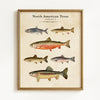 Vintage North American Trout - Set of 2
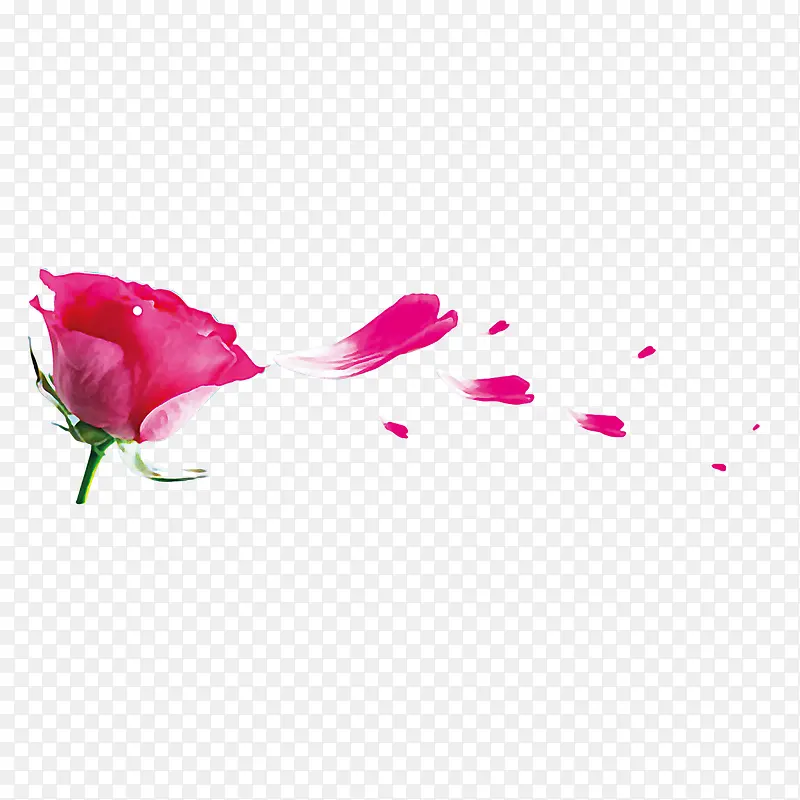 玫瑰花瓣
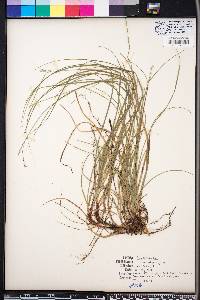 Carex physorhyncha image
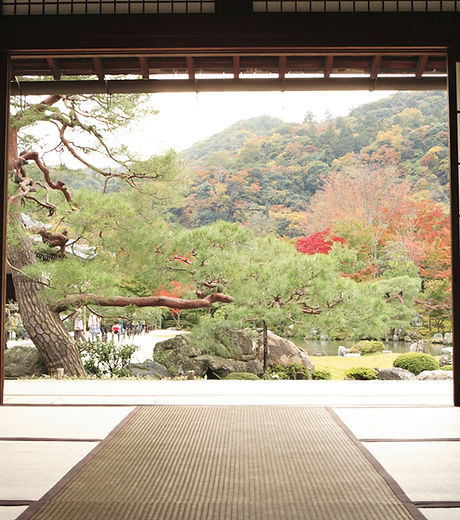 View of Meditation Garden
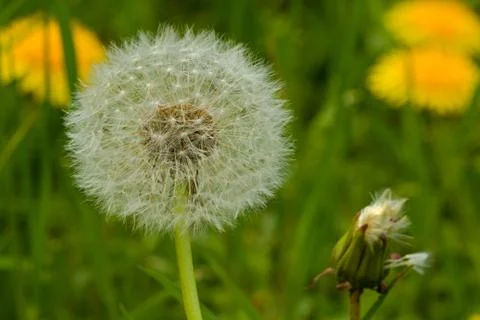 White dandelion Stock Photos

■ **About this exercise**: Instruction for this listing: copy it exactly, but leave the images behind.

■ **Answer for the task**:
 Vintage North American Trout - Set of 2
 玫瑰花瓣
 Carex physorhyncha image
 View of Meditation Garden
 White dandelion Stock Photos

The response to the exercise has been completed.